Start of Data

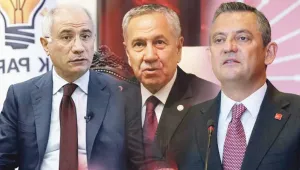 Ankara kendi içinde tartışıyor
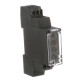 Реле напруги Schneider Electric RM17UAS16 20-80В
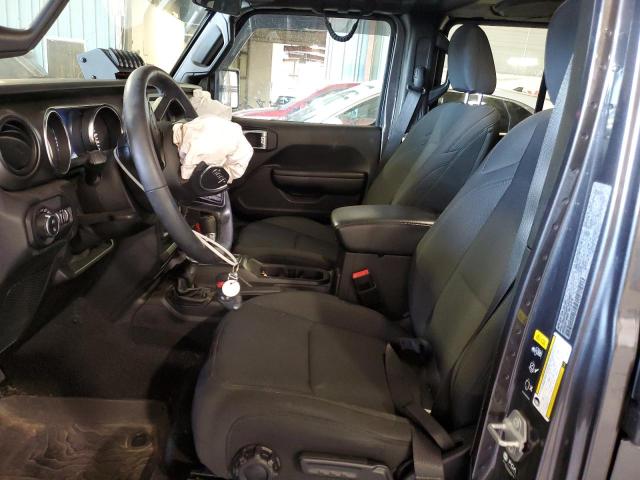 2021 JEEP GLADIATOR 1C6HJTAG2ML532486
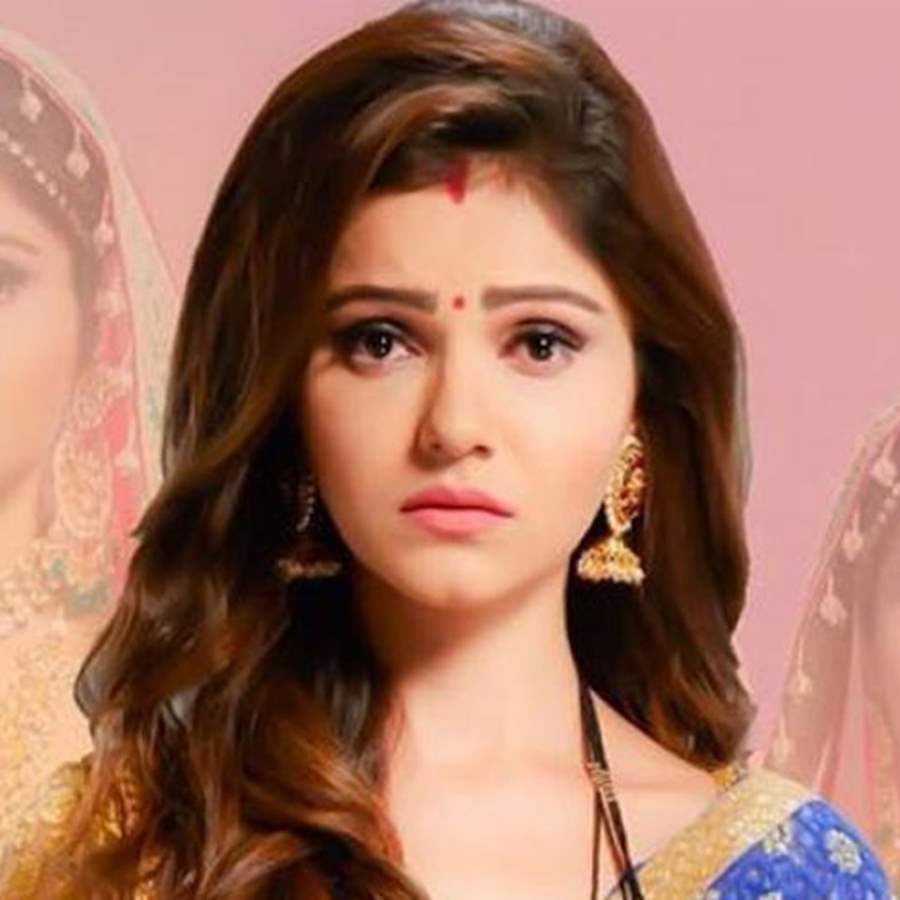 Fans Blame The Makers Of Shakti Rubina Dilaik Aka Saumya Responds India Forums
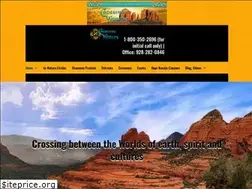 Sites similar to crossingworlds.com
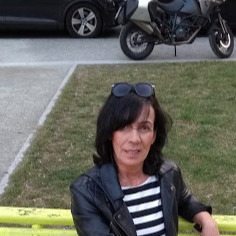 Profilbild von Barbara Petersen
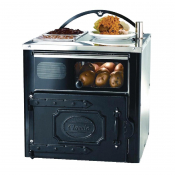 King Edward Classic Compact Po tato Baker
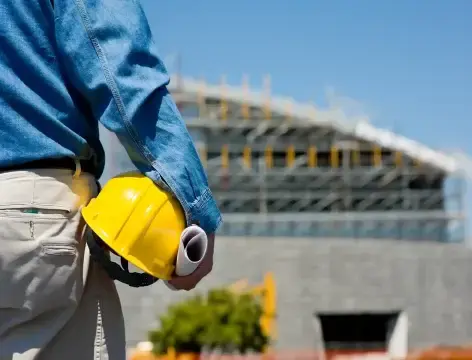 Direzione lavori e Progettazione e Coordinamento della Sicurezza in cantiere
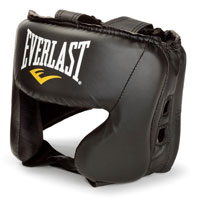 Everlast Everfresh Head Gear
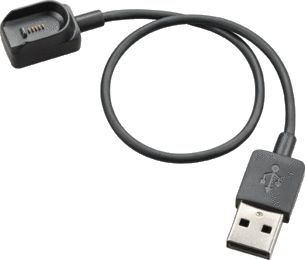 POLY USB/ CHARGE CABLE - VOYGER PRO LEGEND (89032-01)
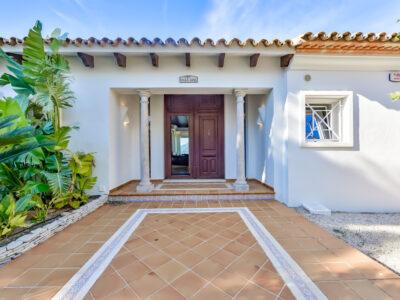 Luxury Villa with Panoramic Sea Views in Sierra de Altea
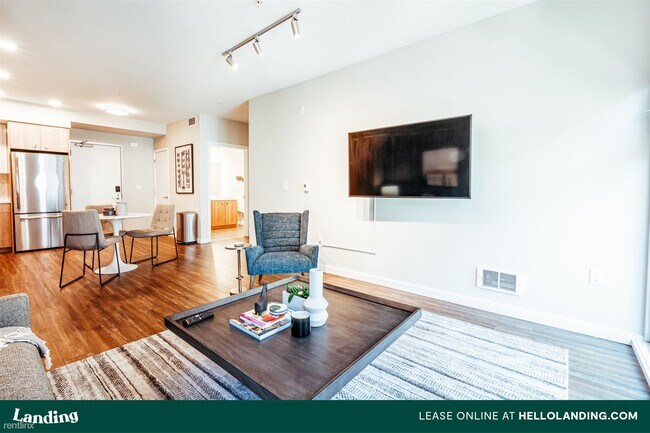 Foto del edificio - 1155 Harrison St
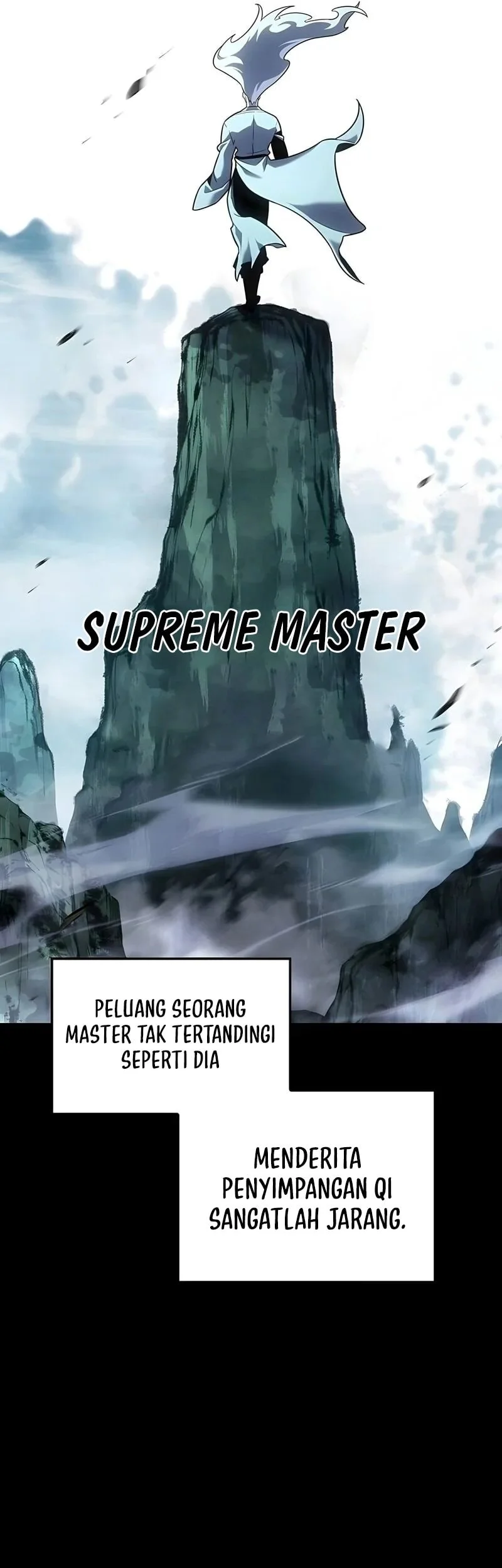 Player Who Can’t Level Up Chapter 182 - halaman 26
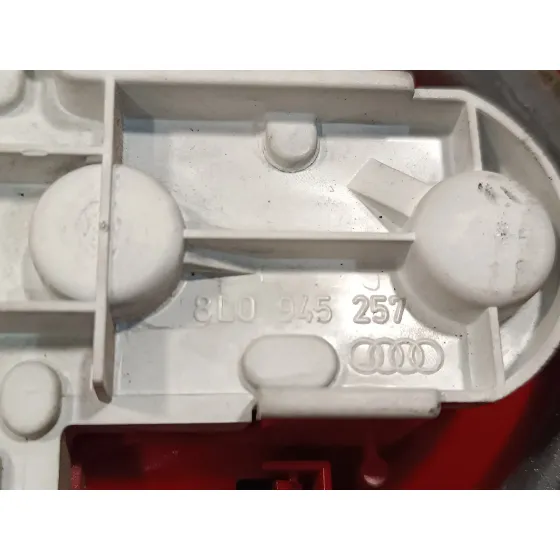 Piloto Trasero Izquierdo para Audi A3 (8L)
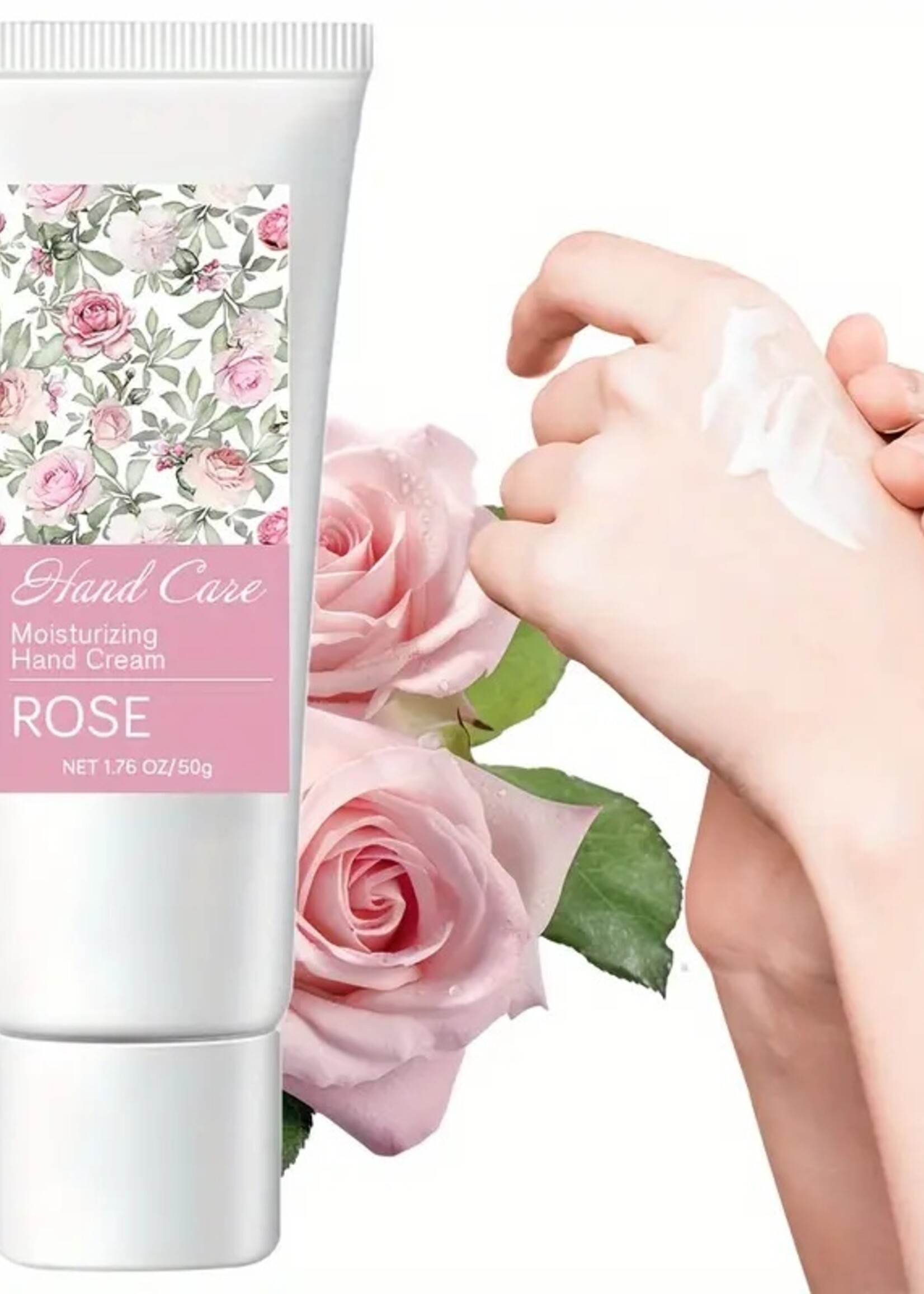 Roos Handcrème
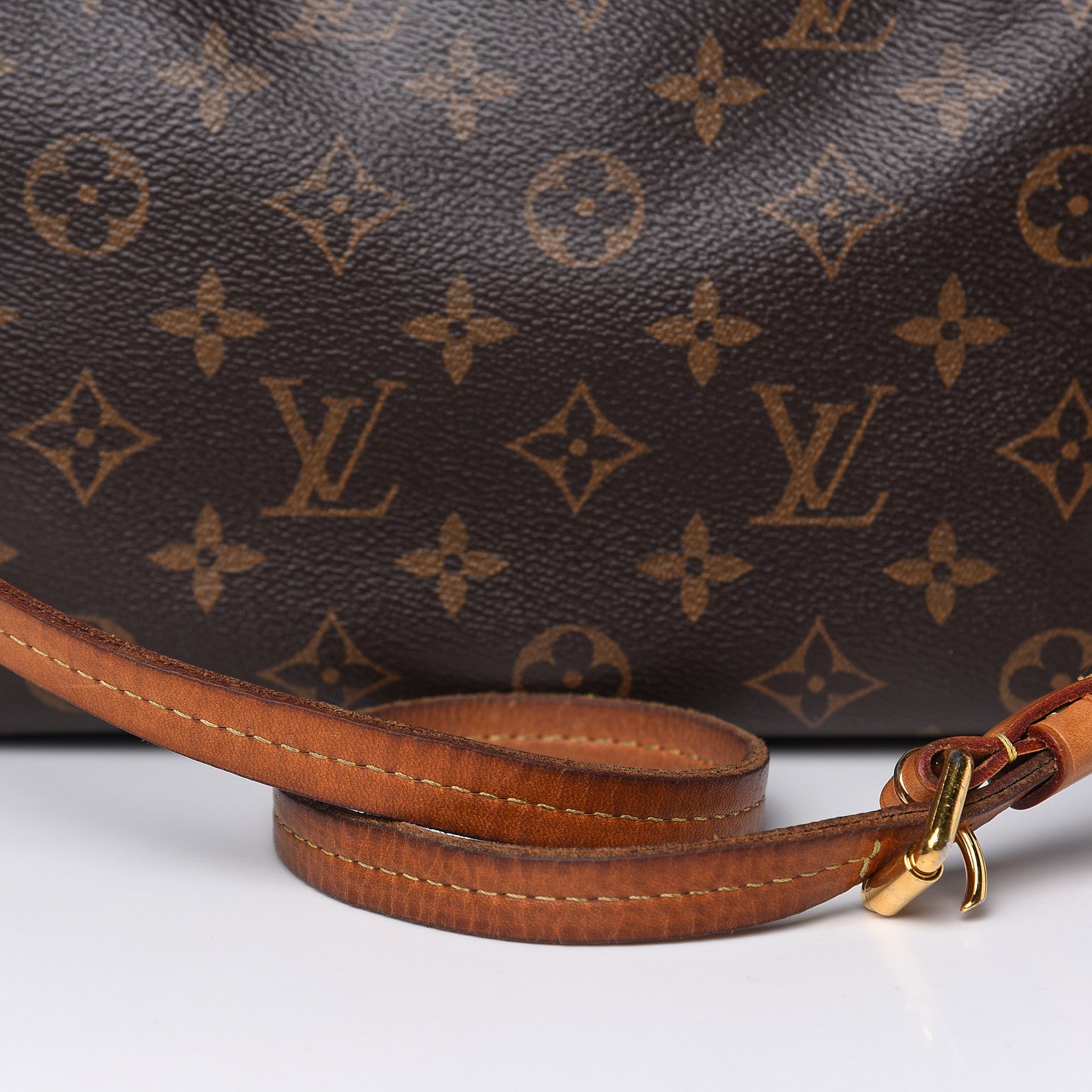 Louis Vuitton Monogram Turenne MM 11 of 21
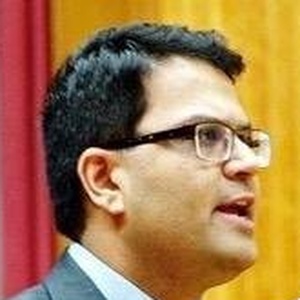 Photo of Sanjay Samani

End of Data

- [About this task]:
Give the records again exactly, without pictures.

- [Task result]:
 Ankara kendi içinde tartışıyor
 Реле напруги Schneider Electric RM17UAS16 20-80В
 2021 JEEP GLADIATOR 1C6HJTAG2ML532486
 Fans Blame The Makers Of Shakti Rubina Dilaik Aka Saumya Responds India Forums
 Sites similar to crossingworlds.com
 Profilbild von Barbara Petersen
 King Edward Classic Compact Po tato Baker
 Direzione lavori e Progettazione e Coordinamento della Sicurezza in cantiere
 Everlast Everfresh Head Gear
 POLY USB/ CHARGE CABLE - VOYGER PRO LEGEND (89032-01)
 Luxury Villa with Panoramic Sea Views in Sierra de Altea
 Foto del edificio - 1155 Harrison St
 Player Who Can’t Level Up Chapter 182 - halaman 26
 Piloto Trasero Izquierdo para Audi A3 (8L)
 Roos Handcrème
 Louis Vuitton Monogram Turenne MM 11 of 21
 Photo of Sanjay Samani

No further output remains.